* Work to complete *
Give back exactly the lines from the "Jeune homme sautant" line to the final line of the records, and only those, minus any pictures.

══ Task input

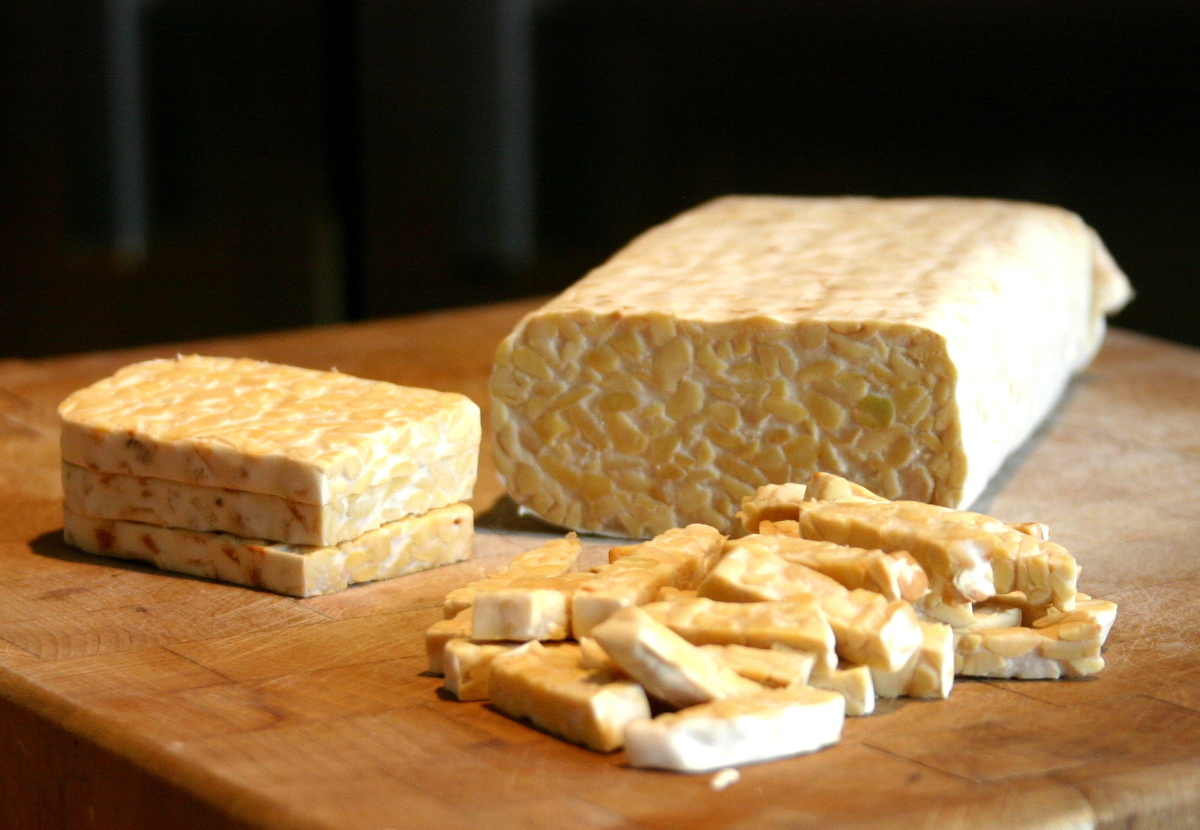 Un pain de tempeh entier et des tranches de tempeh posés sur une planche en bois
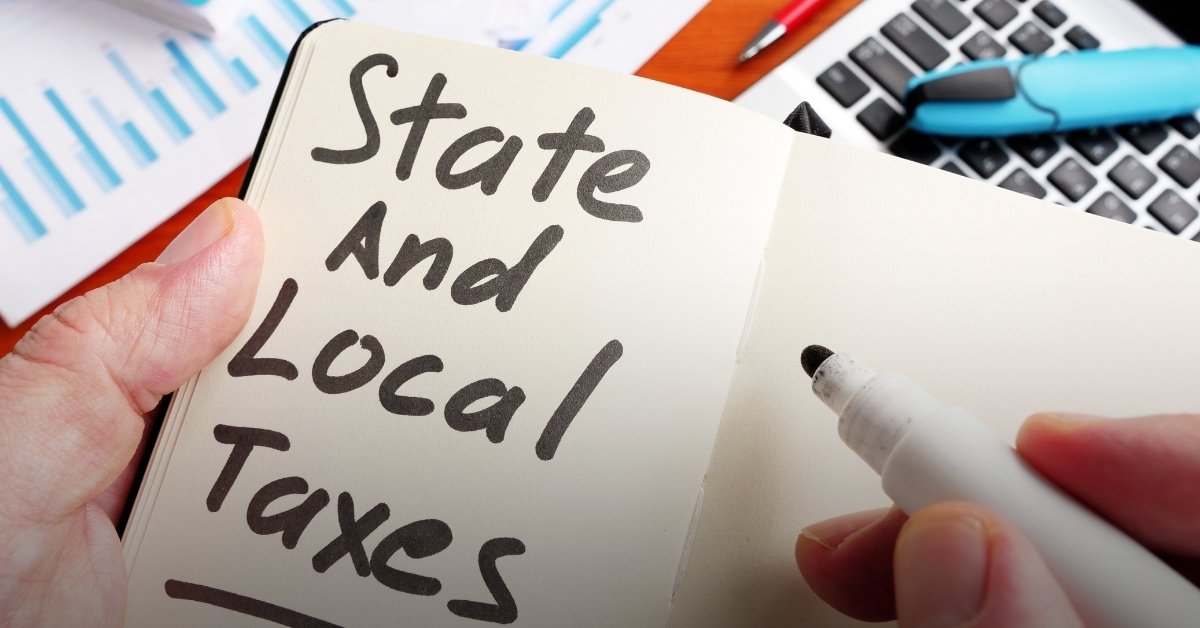 Image of a desk and calculator, with hands holding a pen and notebook with the phrase written: 'State and Local Tax'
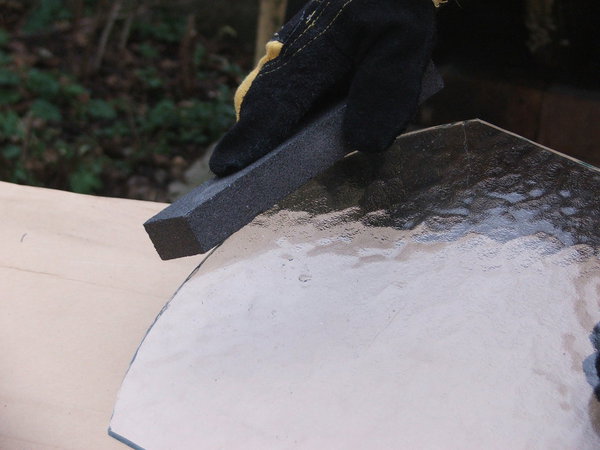 Variante 6 : Passer la pierre de carborundum légèrement mouillée sur la coupe des deux côtés de la feuille de verre, en poussant le geste d’un seul trait et à plusieurs reprises.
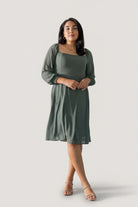 Side view of short chiffon dress in dark sage highlighting lined skirt and airy sleeves with smocked cuffs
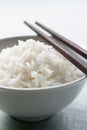 Long grain rice bowl with chopsticks Royalty Free Stock Photo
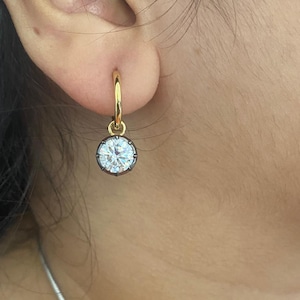 May include: A gold hoop earring with a round, clear gemstone pendant. The gemstone is set in a dark metal bezel. The earring is worn in the ear of a person.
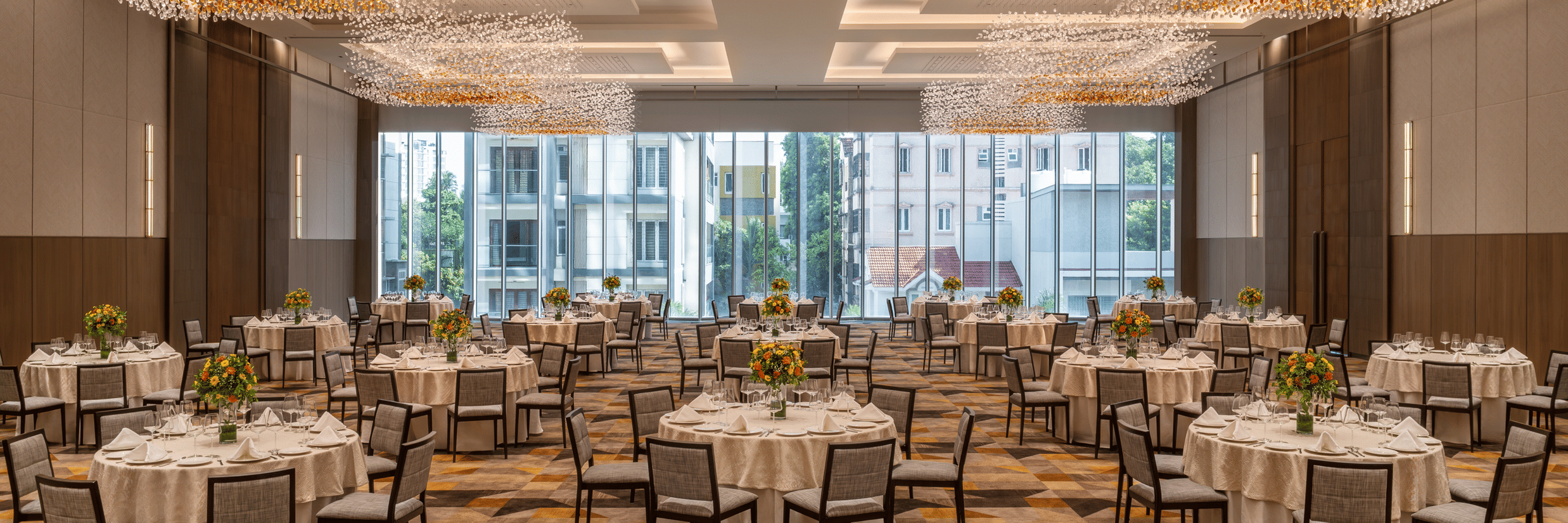 The spacious Ballroom 1 set with round banquet tables, modern chandelier lighting, and large windows at The Residency Towers Chennai.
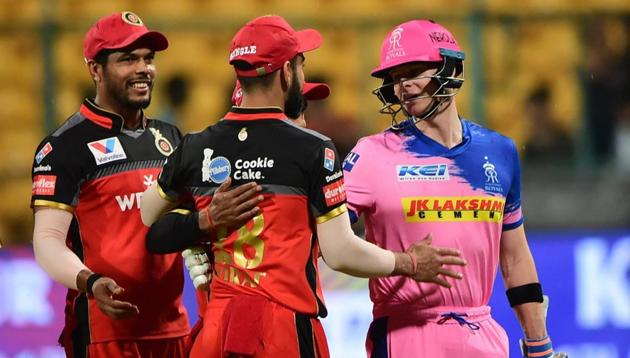 Bengaluru: RR. Batsman Steve Smith shakes hand with RCB Skipper Virat Kohli after the match was called off due to rain during the Indian Premier League 2019 (IPL T20) cricket match between Royal Challengers Bangalore (RCB) and Rajasthan Royals (RR)(PTI)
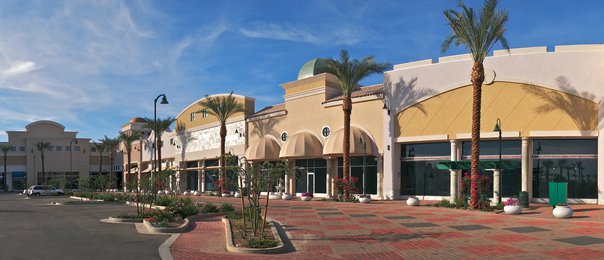 New outdoor shopping mall with palms.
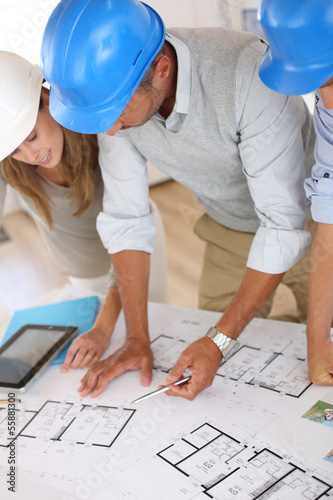 Photo: Construction people working on project Construction people working on project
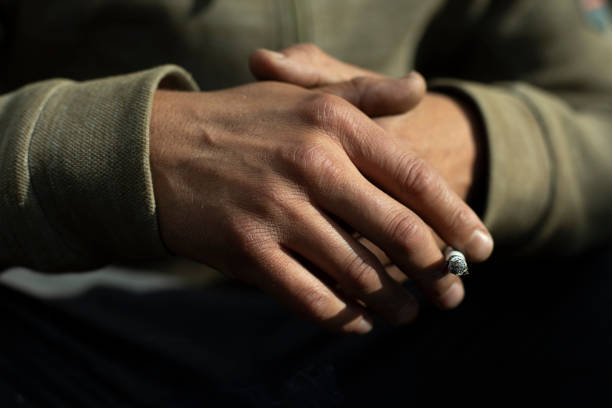 istock Hand in detail. Cigarette sandwiched between packs. 1439877147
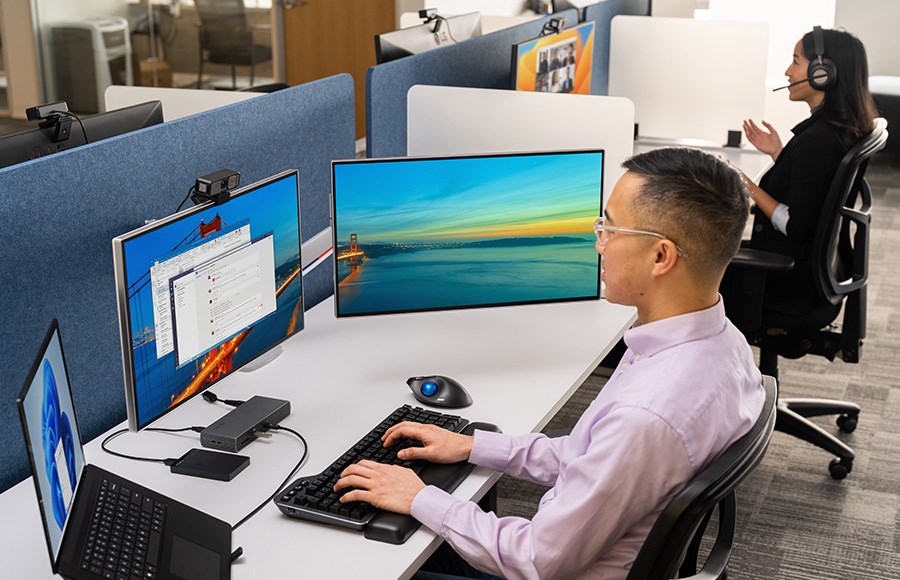 A man in a video call, while a woman utilises a docking station to connect multiple devices.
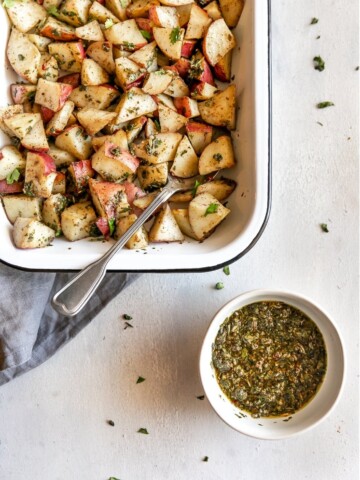 The easiest side dish ever. Roasted potatoes tossed in a delicious, super easy to make cilantro garlic chimichurri sauce!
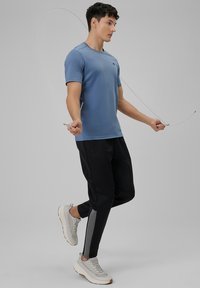 Jeune homme sautant à la corde, portant un t-shirt bleu, un pantalon de sport noir avec une bande grise, et des baskets blanches sur un fond gris.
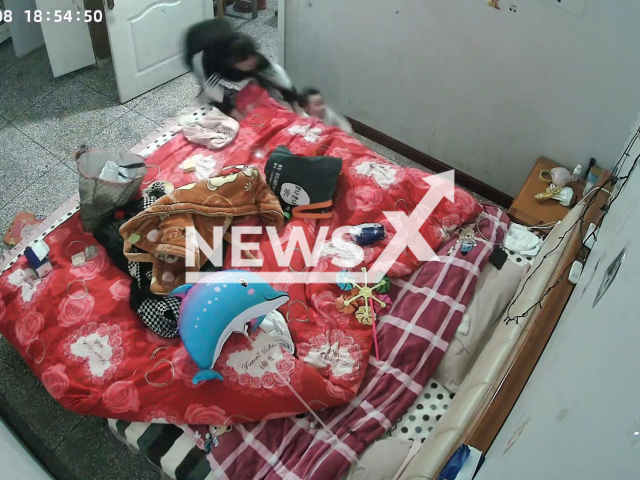 Mother catches the baby about to fall from bed in Fuyang, China. Note: Picture is a screenshot from a video (75556378/AsiaWire)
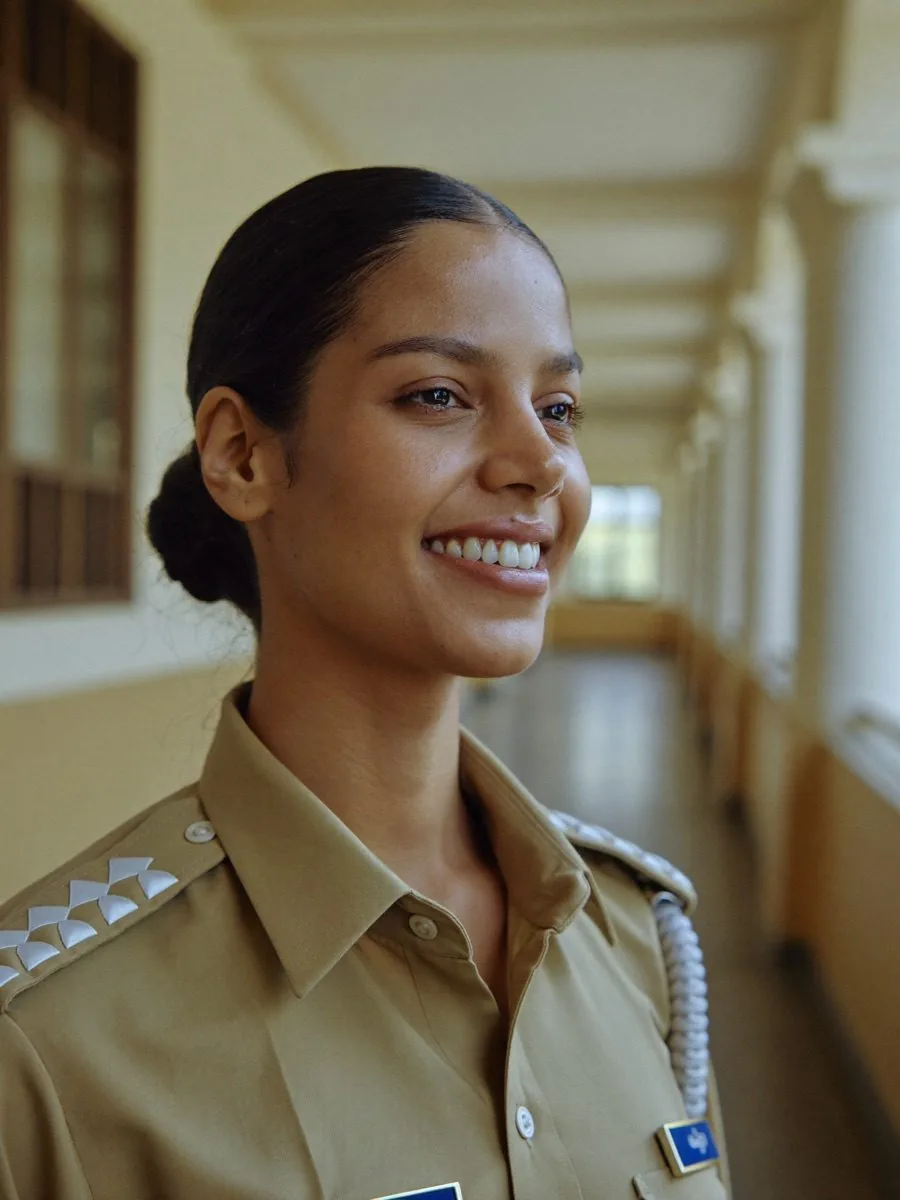 A smiling police officer in uniform in a sunlit corridor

════

* Completed task *
 Jeune homme sautant à la corde, portant un t-shirt bleu, un pantalon de sport noir avec une bande grise, et des baskets blanches sur un fond gris.
 Mother catches the baby about to fall from bed in Fuyang, China. Note: Picture is a screenshot from a video (75556378/AsiaWire)
 A smiling police officer in uniform in a sunlit corridor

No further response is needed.